__Action item__:
Look below for the line containing "O Giroscópio Humano"; from there through the line containing "Apartamento 2 habitaciones", both lines included, please set down each line exactly and nothing else.

Records from a collection:
########################################
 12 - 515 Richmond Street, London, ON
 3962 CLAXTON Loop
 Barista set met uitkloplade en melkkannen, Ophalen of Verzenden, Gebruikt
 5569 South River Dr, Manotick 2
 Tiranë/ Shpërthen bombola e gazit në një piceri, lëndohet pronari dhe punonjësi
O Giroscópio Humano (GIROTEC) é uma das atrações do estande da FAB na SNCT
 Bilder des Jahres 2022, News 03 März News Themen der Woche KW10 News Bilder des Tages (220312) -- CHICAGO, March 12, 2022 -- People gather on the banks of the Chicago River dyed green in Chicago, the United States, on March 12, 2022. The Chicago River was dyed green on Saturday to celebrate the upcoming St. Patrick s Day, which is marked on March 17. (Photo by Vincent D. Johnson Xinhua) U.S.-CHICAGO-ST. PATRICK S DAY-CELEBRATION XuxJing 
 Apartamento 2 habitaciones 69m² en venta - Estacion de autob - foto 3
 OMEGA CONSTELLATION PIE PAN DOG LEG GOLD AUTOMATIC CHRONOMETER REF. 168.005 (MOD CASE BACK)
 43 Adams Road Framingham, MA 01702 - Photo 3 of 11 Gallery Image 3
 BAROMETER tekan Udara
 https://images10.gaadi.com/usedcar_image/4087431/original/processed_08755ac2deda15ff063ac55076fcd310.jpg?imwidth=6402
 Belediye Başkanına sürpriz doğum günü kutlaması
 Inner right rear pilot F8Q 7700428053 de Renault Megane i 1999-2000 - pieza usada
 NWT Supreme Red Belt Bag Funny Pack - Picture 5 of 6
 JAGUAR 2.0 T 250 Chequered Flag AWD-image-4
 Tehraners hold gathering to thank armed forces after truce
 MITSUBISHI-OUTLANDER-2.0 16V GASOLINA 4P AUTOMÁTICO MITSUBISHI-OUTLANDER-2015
########################################
__Answer box__:
O Giroscópio Humano (GIROTEC) é uma das atrações do estande da FAB na SNCT
 Bilder des Jahres 2022, News 03 März News Themen der Woche KW10 News Bilder des Tages (220312) -- CHICAGO, March 12, 2022 -- People gather on the banks of the Chicago River dyed green in Chicago, the United States, on March 12, 2022. The Chicago River was dyed green on Saturday to celebrate the upcoming St. Patrick s Day, which is marked on March 17. (Photo by Vincent D. Johnson Xinhua) U.S.-CHICAGO-ST. PATRICK S DAY-CELEBRATION XuxJing 
 Apartamento 2 habitaciones 69m² en venta - Estacion de autob - foto 3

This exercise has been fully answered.